Trudi is a Trustee for BEAM, a public art charity who work with artists and communities enhancing places through the development of creative art projects.

Current Teaching

Trudi is a senior lecturer in Landscape Architecture. Currently she teaches mainly on the undergraduate programme, and is Level 4 coordinator. Her particular teaching interests lie in the exploration of place through art and spatial design, and the crossing of boundaries within landscape architecture through interdisciplinary teaching.

Research Interests

As an independent researcher, her recent work was submitted to the REF 2021. Her project ‘Watershed’ looked at how artistic intervention can address problems of fluvial damage to landscape while emphasising its natural beauty?

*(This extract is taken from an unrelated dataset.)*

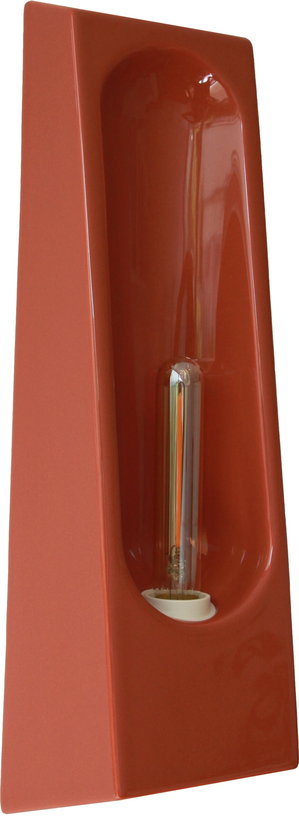 applique-murale-en-ceramique-carmin-33x12cm-alcove-violaine-d-harcourt-2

Focusing on the South Pennines, Watershed occupies an area where ecology and aesthetics meet, its understanding of landscape drawn from interdisciplinary approaches.

Facilitated by a Leverhulme artist in residency grant, Watershed was a culmination of site-specific fieldwork whose outputs – Upstream (2014), Ripple (2014), and Hebden Water (2017) – entailed working with professionals from various sectors: scientists from water@Leeds, University of Leeds (UK’s largest centre for water research); engineers from Yorkshire Water; and local farmers. A meditation on surface and reflection, Ripple employed fertiliser to etch geometric undulations into vegetation, producing different rates of growth; Hebden Water (produced with sound artist Paul Ratcliff) was an audio-visual depiction of how water shapes landscape and culture; while the exhibition Upstream assembled several works exploring the impact of human activity on water as it issues from its moorland source. Ripple and Hebden Water were showcased in further exhibitions at the National Trust’s Gibson Mill (2014, 2017), and presented at the conferences ‘Places for Art and Art for Places’ (Hebden Bridge, 2014); and ‘Arts, Farmers and Philosophers’ (Bowes Museum, Teesdale, 2017). Ripple was commissioned by Yorkshire Water and Pennine Prospects for the Tour De France’s Grand depart.

Watershed’s contribution to discourses on land use, water quality and flooding comes from direct hydrographic experience. By blurring distinctions between the landscape’s aesthetic and ecological character, it inculcates the mindset required to address a situation in which ‘Climate change projections suggest the frequency and severity of flooding is likely to increase over the next century’ (IPCC, 2014).